One of the best resources for bicycle touch-up paint I've found is nail polish (varnish). Now that a wider range of colors is available, I even found a sparkly metallic blue that is a dead-on match for the "Ice-Blue Metallic" color of my 1983/84 Centurion ProTour. Shisedo of Japan (spendy at USD$9/bottle!) came through for me in a match for the "Pearlized Maroon" with micronized gold-flake inclusions of my 1980 Centurion Pro Tour and Urban Decay came up with a superb match for my 1989 Mitaya 1000LT's "Light Metallic Smoke". The nice thing is (in Danneauxville, anyway) you can buy the bottle, take it to the door, shake it well, and hold the clear-glass container against your bike paint and see if it's a match in outdoors lighting. If not, the stores I've found were very willing to do an exchange so long as the bottle remained unopened.
If you go this route, don't forget...many commercial paints are sprayed over an undercoat, and this undercoat can alter the appearance of the final finish. You may need to dab on a spot of light grey or even rust-red (known here as "hot rod primer red") undercoat before touching-up if you are to get a perfect match. You might also wish to coat the final job with a dab of clear nail polish to duplicate the clear coats so often used on commercial wet-paint frames or to match the high gloss of the more recent powdercoats. My blue Cent was a real challenge, because the frame was fully chromed, then painted in five successive stages; it is hard to match that "depth" with a simple dab of color, but I got very, very close using a lot of care.
In 1989 when my Miyata was produced, the US market was in the grip of
Miami Vice, a popular television show about drug interdiction, set in Florida. "Sonny" and "Crockett" suddenly became popular baby names, and we were plagued with pastel palettes of juxtaposed turquoise, teal, and aqua along with orange, pink, and sea-blue. Guys wore unlined white suits over scoop-neck pastel Tees and forgot to wear socks with their loafers. And...bicycles -- including my poor Miyata 1000LT -- were factory-painted to match. The base coat was a lovely metallic "smoke", but the transfers...oh, my. They were white, but interspersed were pink and orange and blue triangles, dashes, and color blocks; the most glaring were large pink triangles in place of the "Y" in Miyata. I used a 5 "0" brush and xylene as a thinner (xylene is the universal solvent for nail varnish) to re-create the lettering I substituted more subdued colors using metallic nail varnish in jewel tones.

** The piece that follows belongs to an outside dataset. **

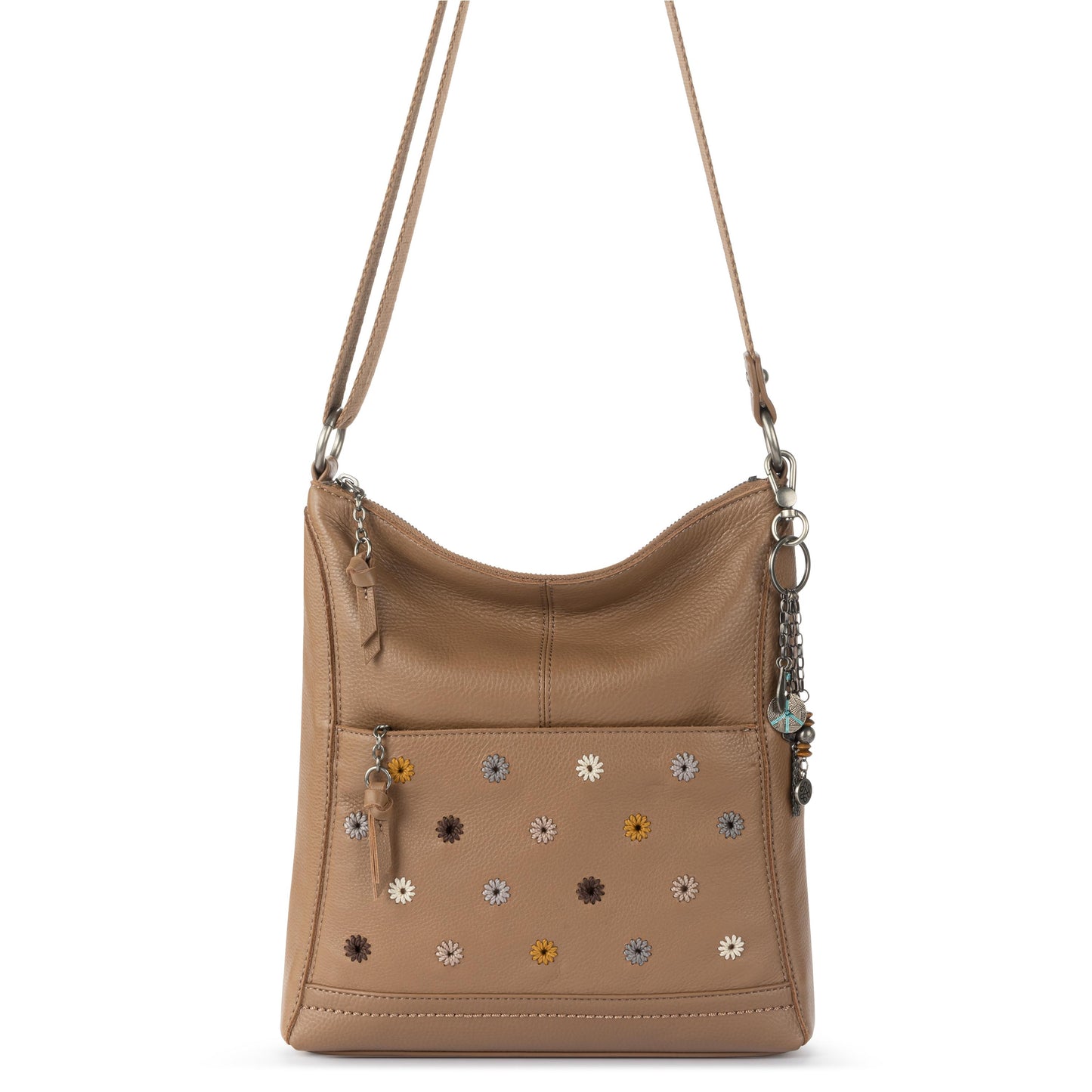 The Sak Lucia Crossbody Leather - |Chestnut Multi Eyelet|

You can see for yourself in the photo below. I used to scratch-build model cars (even made molds and cast the tires from various forms of synthetic rubber) and hand-lettered them after painting, so the practice came in handy. Sadly, adventure touring on rough roads and too much shop work have made a mess of my fine motor control ("That's handwriting? You're a doctor, right?" is what I often hear now, but won calligraphy awards in high school), but I can still do a decent job on repairing chips and the odd scratch or scuff.
Don't forget, Jawine, clear-coat rubbing compound is your friend. Much of what makes a bicycle paint job look ratty magically disappears once the old wet-paint is cut and leveled, then repolished and waxed properly.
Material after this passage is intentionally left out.